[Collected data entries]

▽

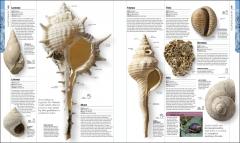 Dinosaurs and Prehistoric Life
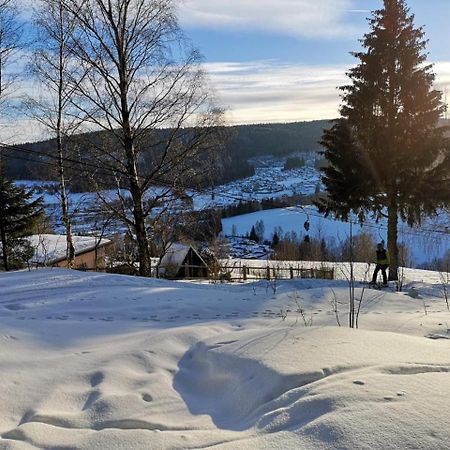 Ferienwohnung Elisabeth Klingenthal Dış mekan fotoğraf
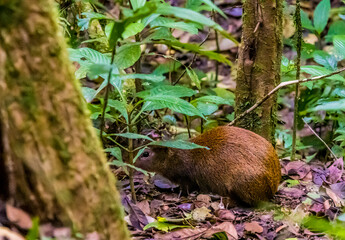 A close up view of an agouti in the undergrowth in the cloud forest in Monteverde, Costa Rica in...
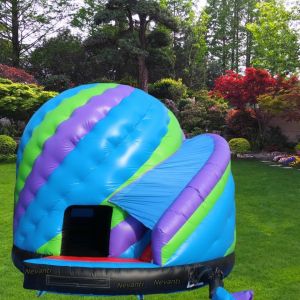 Buy cheap Commercial Inflatable Bouncy Castle with Customized Size and Bluey Bounce House from wholesalers
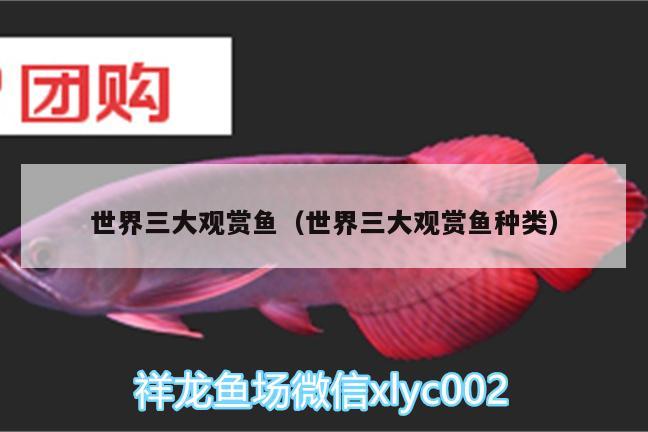 世界三大觀賞魚(yú)（世界三大觀賞魚(yú)種類(lèi)） 紅尾平克魚(yú)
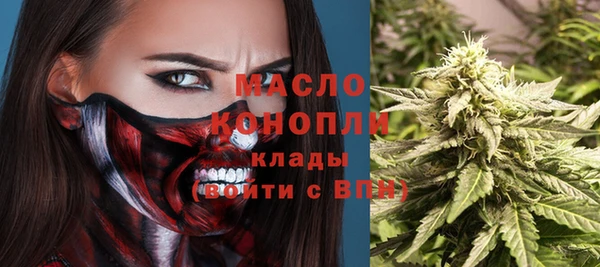 2c-b Горняк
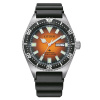 Citizen NY0120-01ZC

△

▶ **Task description**:
Copy all entries exactly; skip pictures.

▶ **Solved exercise**:
 Dinosaurs and Prehistoric Life
 Ferienwohnung Elisabeth Klingenthal Dış mekan fotoğraf
 A close up view of an agouti in the undergrowth in the cloud forest in Monteverde, Costa Rica in...
 Buy cheap Commercial Inflatable Bouncy Castle with Customized Size and Bluey Bounce House from wholesalers
 世界三大觀賞魚(yú)（世界三大觀賞魚(yú)種類(lèi)） 紅尾平克魚(yú)
 2c-b Горняк
 Citizen NY0120-01ZC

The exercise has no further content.